L’espoir de résistance vient de l’Union générale des travailleurs tunisiens (Ugtt) face à qui Ennahdha – qui n’a pas réussi à noyauter le bureau national lors des dernières élections – et après l’attaque en règle et concertée d’innombrables locaux de la centrale syndicale par les nervis du parti islamiste, pour éviter le risque de se briser les reins a été acculé samedi à une visite d’apaisement du guide Ghanouchi au siège de la puissante centrale syndicale.
L’autre foyer de résistance est représenté par les composantes du bassin minier même si la majorité des populations du sud est acquise aux islamistes.
Le président Marzouki (que délibérément je ne qualifie pas de provisoire) et le président de l’Assemblée nationale constituante (Anc), Mustapha Ben Jaâfar, font un mauvais calcul s’ils avalent des couleuvres dans l’espoir d’être reconduits après les prochaines élections (on comprend d’ailleurs leur désir de voir la durée de la mandature provisoire s’allonger ad libitum), mais ils auront un tant soit peu eu l’impression, pour satisfaire leur égo sur le retour de l’âge, d’être rentrés dans l’antichambre de l’Histoire.
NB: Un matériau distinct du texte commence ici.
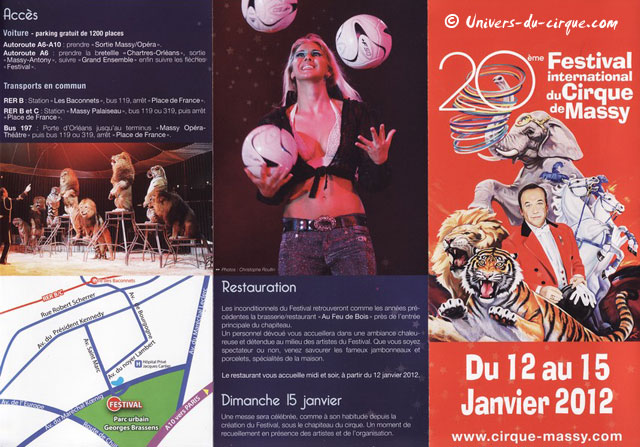 Essonne: le dépliant publicitaire du 20 Festival International du Cirque de Massy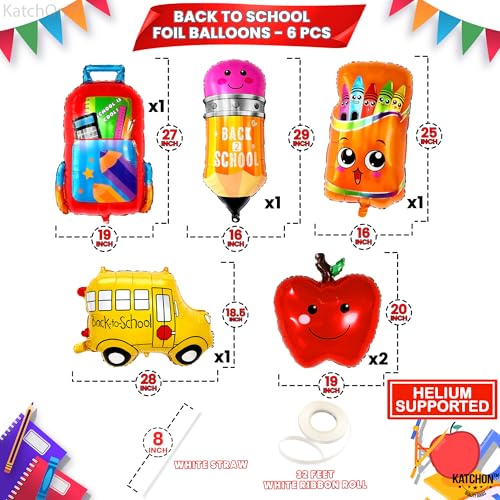 KatchOn Back to School Balloons Set - Pack of 6, Multi Color Classroom Decor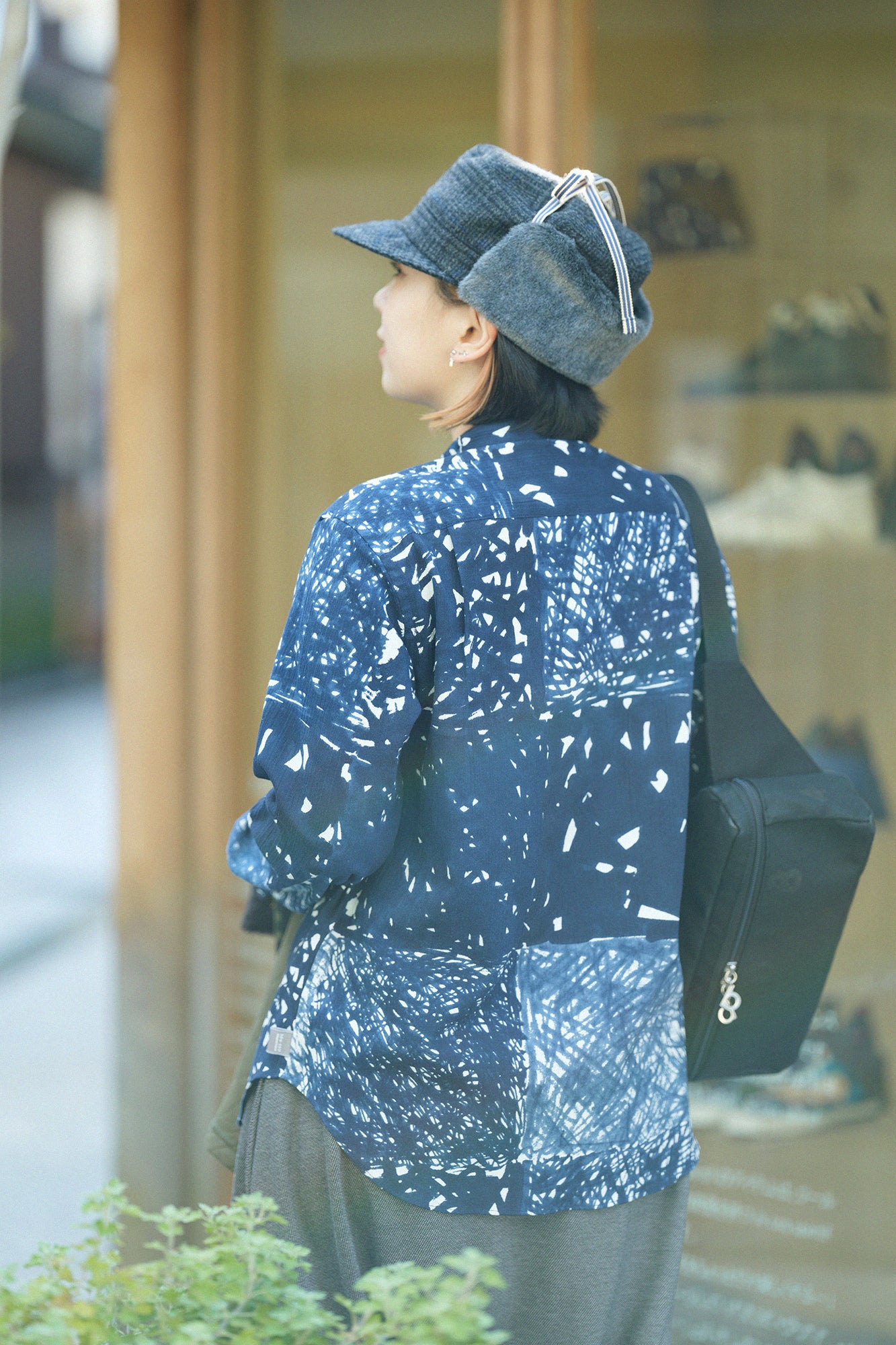 高島縮棉 20/20 立領長袖襯衫／隨性編織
N’en déplaise à ses détracteurs, Habib Bourguiba, qui a pourtant fait du mal à ma région natale de Gafsa et qui a connu des dérives despotiques dénoncées par Ahmed Tlili en 1966 (voir sa ‘‘Lettre ouverte’’) a une stature d’homme d’Etat à laquelle ne peut prétendre aucun des membres actuellement au pouvoir.
Le geste spontané et courageux de Khaoula Rachidi est aussi symbolique que celui de la couturière Rosa Parks devenue une figure emblématique de la lutte contre la ségrégation raciale aux États-Unis après avoir refusé de céder sa place à un passager blanc dans un bus, ce qui lui a valu le surnom de mère du mouvement des droits civiques de la part du Congrès américain.
Bien qu’elle ne soit pas militante, Mlle Khaoula vient d’inscrire son nom en lettres d’or dans le prestigieux registre de ses ancêtres dans le sillage des éminentes figures féminines de notre pays depuis la princesse berbère : la Kahena – qui s’est justement opposée à l’invasion musulmane – jusqu’à celles plus récentes Bchira Ben Mrad, Radhia Haddad et des militantes Radhia Nasraoui et Sihem Ben Sedrine.
* Chef d’entreprise natif de Gafsa.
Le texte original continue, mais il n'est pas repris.